In-process LRU cache

import { LRUCache } from 'lru-cache';

// One cache per tool, or a shared cache keyed by tool name + args
const searchCache = new LRUCache<string, string>({
  max: 500,          // max 500 cached entries
  ttl: 5 * 60 * 1000, // 5 minutes in milliseconds
  updateAgeOnGet: false, // TTL is absolute from insertion, not from last access
});

function cacheKey(args: Record<string, unknown>): string {
  // Sort keys for deterministic serialization regardless of argument order
  return JSON.stringify(args, Object.keys(args).sort());
}

server.tool(
  'search_docs',
  'Search the documentation for a query',
  {
    query: z.string().min(1),
    limit: z.number().int().min(1).max(20).default(5),
  },
  async (args) => {
    const key = cacheKey(args);
    const cached = searchCache.get(key);

    if (cached !== undefined) {
      logger.info({ event: 'cache_hit', tool: 'search_docs', key_hash: hashKey(key) });
      return { content: [{ type: 'text', text: cached }] };
    }

    const results = await searchDocsApi(args.query, args.limit);
    const serialized = JSON.stringify(results);

    searchCache.set(key, serialized);
    logger.info({ event: 'cache_miss', tool: 'search_docs', key_hash: hashKey(key) });

    return { content: [{ type: 'text', text: serialized }] };
  }
);

The lru-cache package (npm install lru-cache) provides a well-tested in-process cache with LRU eviction and per-entry TTLs.
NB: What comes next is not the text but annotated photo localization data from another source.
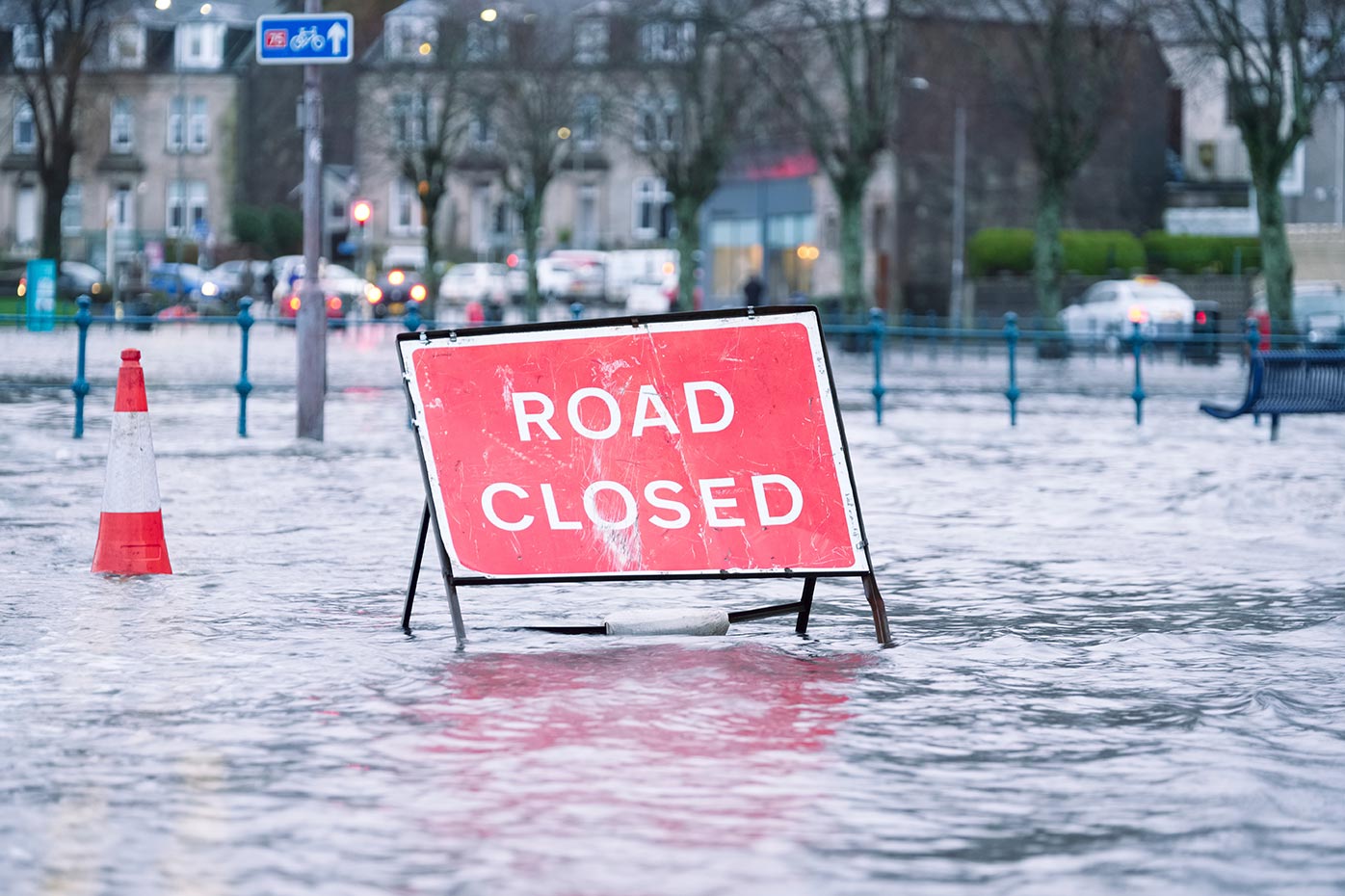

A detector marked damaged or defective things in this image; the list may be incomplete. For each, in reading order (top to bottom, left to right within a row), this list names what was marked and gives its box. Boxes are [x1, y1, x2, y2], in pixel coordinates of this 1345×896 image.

rusty metal leg [398, 497, 430, 632]
rusty metal leg [790, 575, 812, 632]
rusty metal leg [860, 572, 892, 643]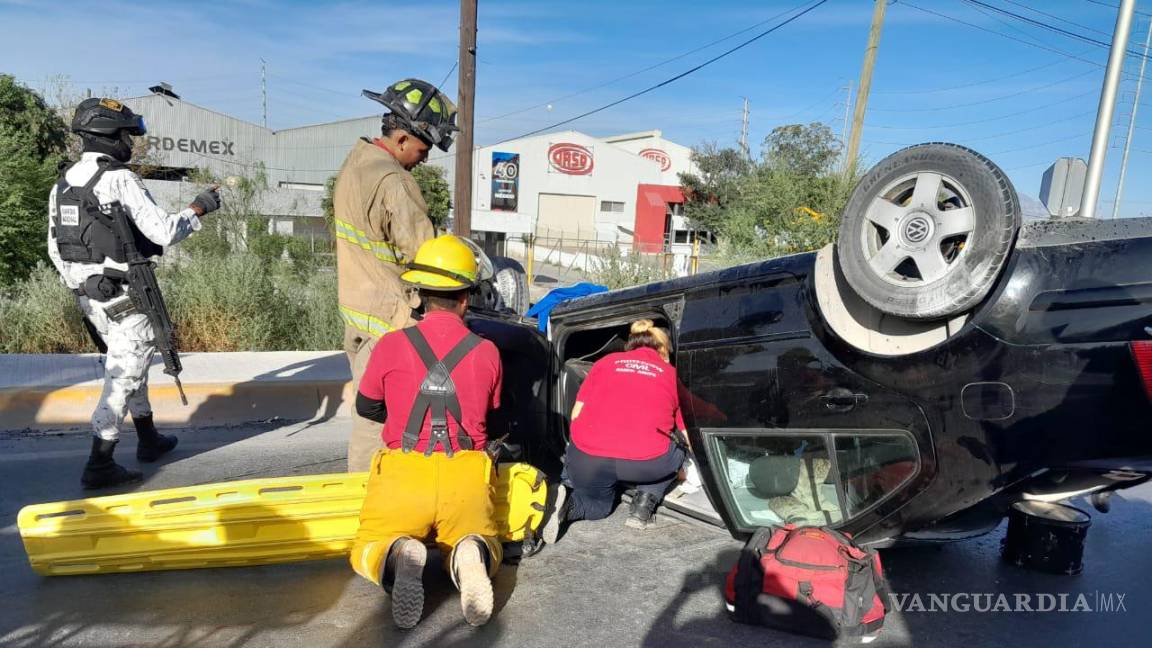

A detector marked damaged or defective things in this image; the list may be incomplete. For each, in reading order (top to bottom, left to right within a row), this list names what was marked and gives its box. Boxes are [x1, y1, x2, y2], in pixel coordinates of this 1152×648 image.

overturned black car [466, 143, 1152, 548]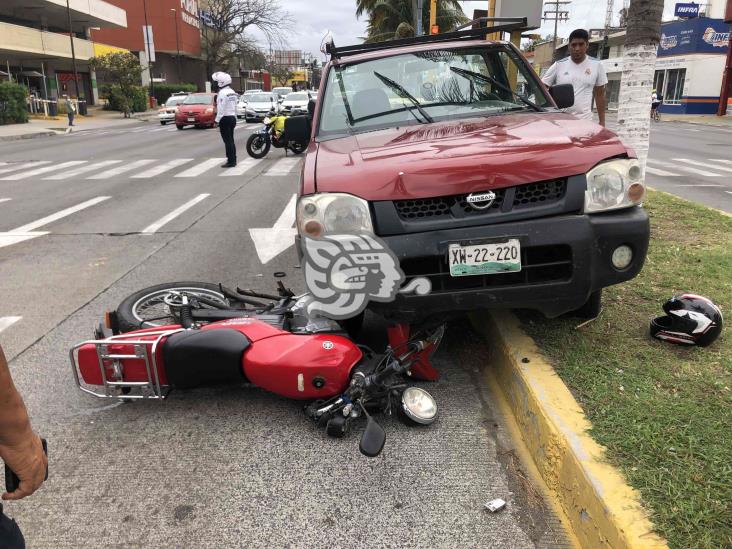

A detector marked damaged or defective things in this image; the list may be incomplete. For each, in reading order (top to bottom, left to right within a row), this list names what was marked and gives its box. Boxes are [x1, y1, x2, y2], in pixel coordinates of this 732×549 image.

cracked windshield [318, 46, 548, 135]
crashed nissan truck [288, 28, 648, 322]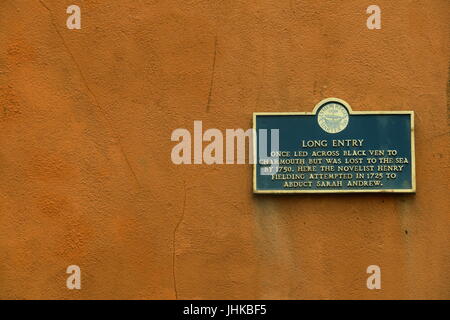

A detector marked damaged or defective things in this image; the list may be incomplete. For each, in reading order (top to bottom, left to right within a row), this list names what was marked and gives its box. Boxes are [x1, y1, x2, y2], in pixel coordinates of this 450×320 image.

crack in wall [38, 0, 141, 188]
crack in wall [171, 182, 187, 300]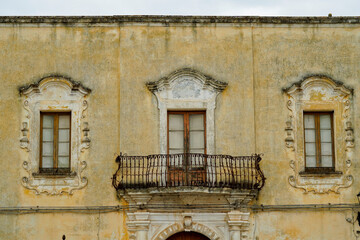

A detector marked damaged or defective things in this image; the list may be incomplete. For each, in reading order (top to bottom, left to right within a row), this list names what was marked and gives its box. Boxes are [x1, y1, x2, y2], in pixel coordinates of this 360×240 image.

rusty iron railing [113, 154, 268, 191]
Set updateAgeOnGet: false so cache entries expire absolutely — data that was cached 5 minutes ago expires in 5 minutes whether or not it was read. With updateAgeOnGet: true, a frequently-accessed entry never expires, which means stale data stays cached as long as any client keeps requesting it.

Log the key hash (not the full key) for cache hit/miss events — the full key may contain user query terms. Use a fast non-cryptographic hash like xxhash or a simple FNV hash for the log correlation ID. This gives you enough information to investigate cache behavior without logging user input.

Cache key design

The cache key must be deterministic — the same logical query with arguments in a different order must produce the same key, otherwise the cache has a false miss rate:

// WRONG: argument order matters — these produce different keys
cacheKey({ limit: 5, query: 'mcp monitoring' }) // "{"limit":5,"query":"mcp monitoring"}"
cacheKey({ query: 'mcp monitoring', limit: 5 }) // "{"query":"mcp monitoring","limit":5}"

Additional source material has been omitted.